Мы замерли рядом со скелетом мамонта, который кто-то собрал по частям и засунул в стеклянный ящик. Не самое лучшее что можно было бы сделать с чьими-то останками. Но как говорят, все ради науки.

Мгновение мы созерцали кости в молчании, словно они вдруг стали материализацией наших мыслей о способах убивать.

- И что оно тебе дало?

- Оно открыло вдохновение. И я наконец-то нашла свой стиль. Этот пост-апокалиптический декаданс, и попытка показать стремление странных созданий обрести что-то, во что они верили до прихода великого разрушения.

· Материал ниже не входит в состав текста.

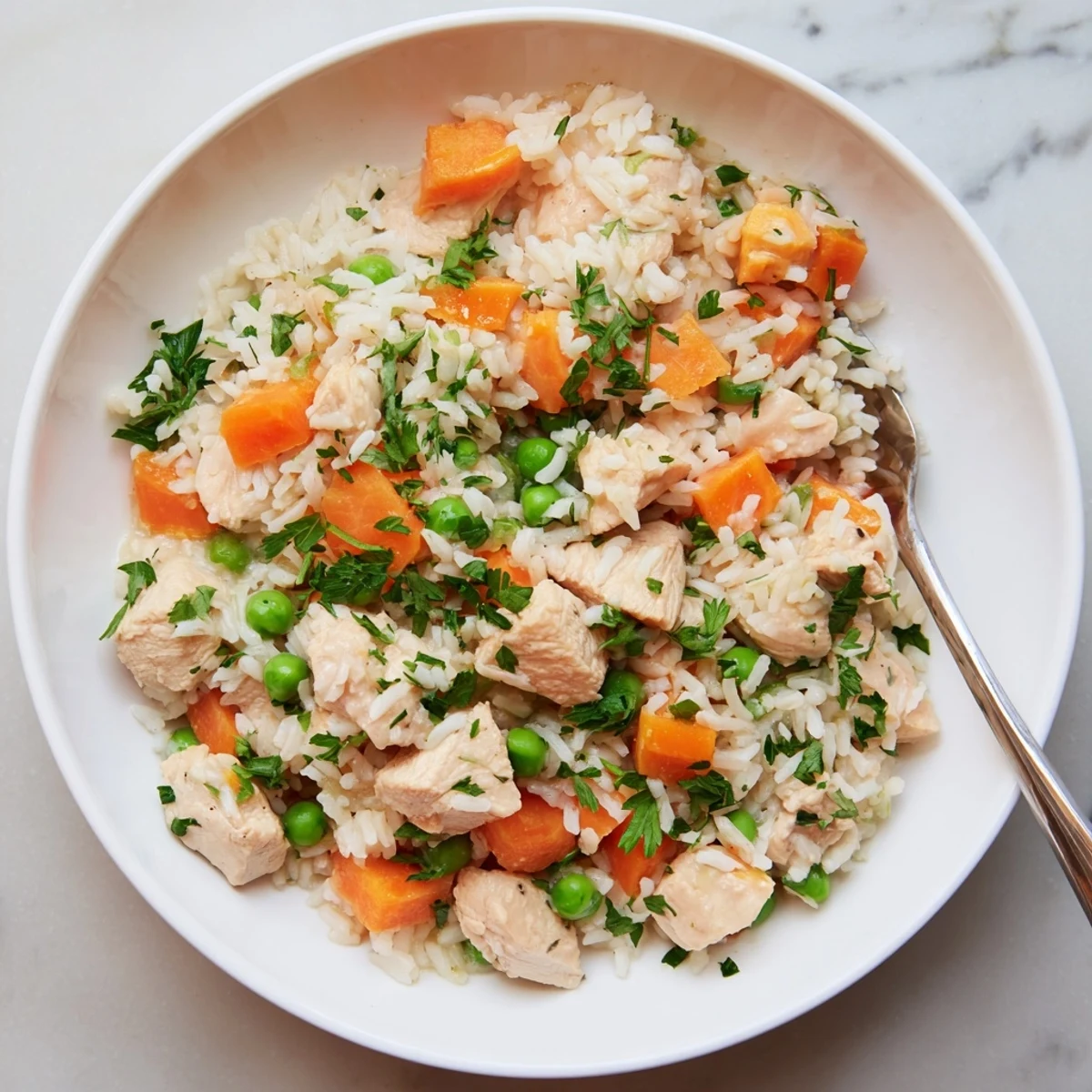 One pot meal featuring tender chicken thighs, steamed white rice, and vibrant peas ready for this easy Instant Pot chicken and rice recipe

Элена не выглядела счастливой. И таинственной тоже. Все ее маски спали в это мгновение, и я видел много жесткости, и, возможно, даже жестокости в ее чертах. Я теперь понимал, что она рисует и почему. Это разгром человеческой цивилизации, которое она в разных вариациях изображала в своих работах, было концом того, что она разрушила когда-то давно, поставив над собой творческий эксперимент. И все эти странные создания, ищущие веру, или, играя в творцов сами в попытках создать новый мир, были ее многочисленными копиями. Но, что разрушено, то разрушено.

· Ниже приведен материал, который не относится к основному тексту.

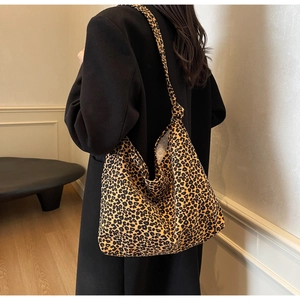 Detailed view of leopard print tote bag with stylish knotted strap on black coat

- мне кажется, тебе это вышло боком, - произнес в итоге я – было ли это необходимой жертвой?

- о да, - лишь кивнула она – ты создаешь жизнь, пусть и в своей голове, и ты отбираешь эту жизнь. Маленькая игра в бога, которая дает тебе болезненный толчок в развитии, через синтез двух противоположных процессов. Это как Эрос и Танатос. Слышал о них?

- что-то греческое.

- Это условные обозначения влечений, движущих человеческой жизнью, по Фрейду. Эрос – инстинкт жизни. Танатос - инстинкт смерти. Фрейд, знаешь ли, не только везде секс видел. Что будет с тобой, когда ты это сделаешь, я не берусь сказать, - заявила она, отстраненно смотря вперед – все приходят к разным результатам.

После этих слов я притянул ее к себе и поцеловал. Это был быстрый и немного резкий жест, потому что я боялся, что если я буду степенным и предупредительным в своих действиях, она просто не даст мне этого сделать.

Я помню, что она не оказала ни малейшего сопротивления. Но и шага навстречу тоже не сделала. Ее губы не двигались какое-то время, когда я их целовал, но мне было все равно. Я просто хотел, пусть на короткий момент своей жизни, обладать ею. Быть к ней ближе.

Неожиданно ее руки плавно обвились вокруг моей шеи, и я почувствовал, как ее губы наконец-то раскрываются мне, и это чувствовалась, как абсолютная победа. Ее язык слегка коснулся моего, а затем она отстранилась.